Bad posture while texting can lead to spine problems, resulting in chronic neck pain, persistent shoulder pain, chronic back pain and the development of text neck. Over time, this slouching forward increases the wear and tear on your spine, and it can lead to spinal degeneration and spinal misalignment.

One study by Kenneth K. Hansraj, MD, Chief of Spine Surgery at New York Spine Surgery & Rehabilitation Medicine, revealed that when you look down at your smartphone, it is as if you are adding as much as 60 pounds of weight on your neck. This approximates the same weight as six grocery bags filled with food or four adult-sized bowling balls. It’s also equivalent to an 8-year-old child.


The first step you should take is limit how much time you are spending on your cell phone. Give yourself some restrictions when it comes to 

answering your texts or designate specific times each day. Keep these times to a minimum, which can help reduce how much pressure you are placing on your neck and spine.

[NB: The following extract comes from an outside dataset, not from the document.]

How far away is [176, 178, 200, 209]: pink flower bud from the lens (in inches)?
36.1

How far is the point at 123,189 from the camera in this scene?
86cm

The second way to prevent text neck is focusing on strengthening your core. Strong core muscles, which consist of your lower back and abdominal muscles, help support your upper body and neck. 

Because your core muscles don’t typically get enough of a workout with normal daily activities, specific exercises that target these mid-section muscles, are needed to be strengthened.

Attempt to maintain proper posture throughout the day as much as possible. 

Think of the pelvis as a bucket of water, breath out and pull the pelvis up and back, keeping the pelvis level, also lengthen the spine by pushing the head back on the shoulders, keeping it off the chest. Twice daily stand with back against the wall, head on shoulders, pinch shoulders together. breathing in 5 seconds,breathing out 10 seconds keeping low back and head against the wall.  Repeat 5 reps.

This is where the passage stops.